Jerome Powell, presidente de la Reserva Federal (Fed), reivindicó hace apenas dos semanas la figura de Paul Volcker, el hombre que a comienzos de los ochenta acabó con la espiral inflacionista que durante más de una década había atormentado a Estados Unidos. En una respuesta en el Congreso a un senador republicano, Powell aseguró que Volcker había sido “el mayor servidor público económico de la era”. Esta semana Powell pudo sentirse algo más cerca del difunto expresidente de la Fed, quien logró romper la espiral inflacionista a costa de subir los tipos de interés por encima del 20% y provocar una recesión. El paso que dio el actual jefe del banco central está aún lejísimos de esa cota, puesto que la primera subida de tipos desde el estallido de la pandemia fue de solo el 0,25%, dejándolos en el 0,5%. Sin embargo, el consejo de la Fed desplegó ya las alas de un halcón y apuntó a otras seis subidas en 2022 y a una reducción del balance.
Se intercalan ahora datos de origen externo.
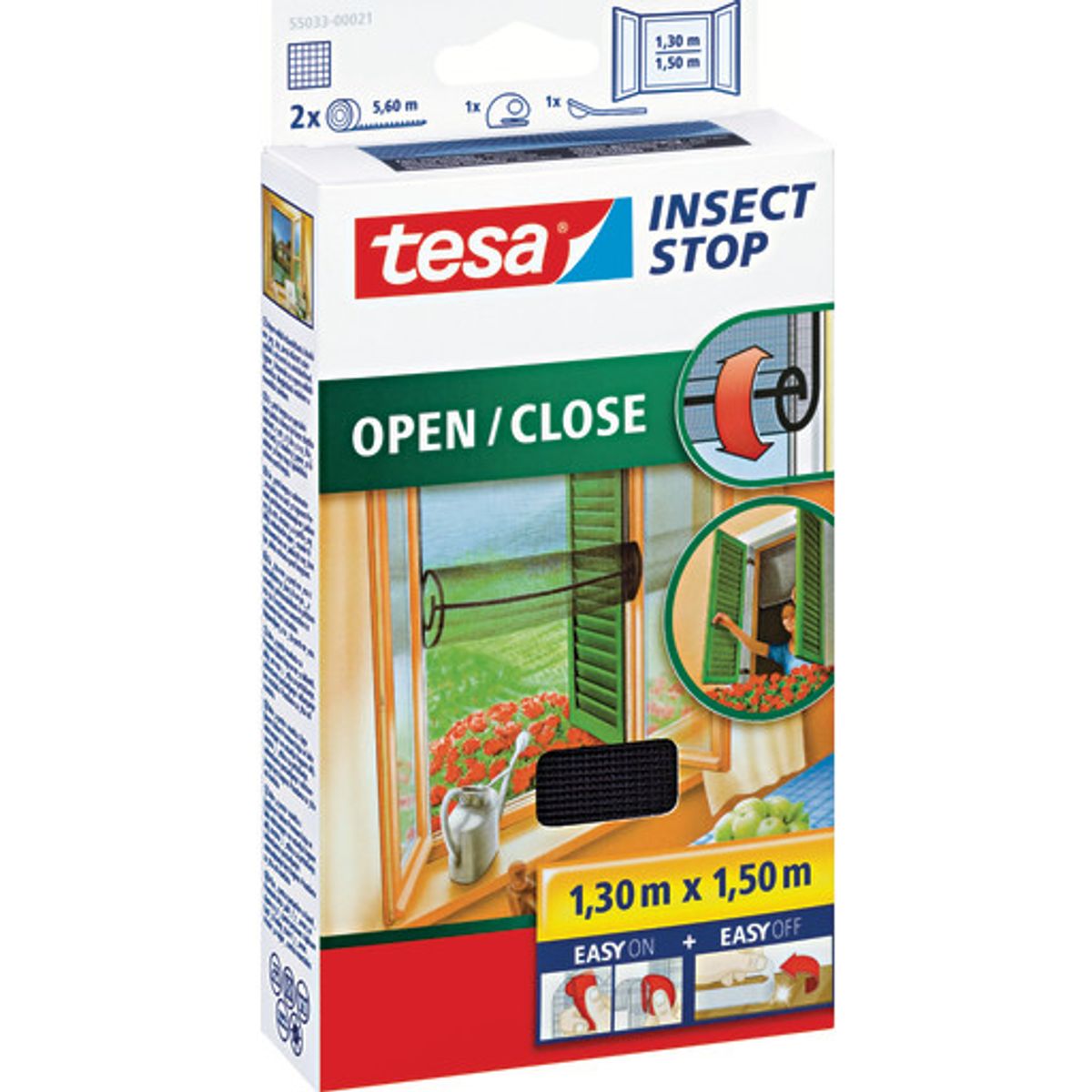 Tesa Insect Stop Comfort insektnet, antracit - 1,3 x 1,5m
Los mercados no tienen duda: los caminos monetarios de los bancos centrales empiezan a distanciarse. Washington, Fráncfort, Tokio o Londres barruntan cómo afrontar una situación diabólica. Esas cuatro instituciones han inundado los mercados con 9,1 billones de euros en apenas dos años para amortiguar la caída de la economía mundial. Los extraordinarios programas fiscales que lanzaron los gobiernos acompañaron esos planes de compras de activos y, juntos, desplegaron una red que permitió una recuperación empañada por las sucesivas olas de contagios. La situación dio un vuelco en 2021: el mundo empezó a dejar atrás los confinamientos y salió a consumir, pero faltaban productos, sobre todo los codiciados semiconductores; las cadenas de suministro globales se rompían y los principales nodos marítimos se atascaban. El resultado fue una galopante inflación jamás vista desde los años ochenta.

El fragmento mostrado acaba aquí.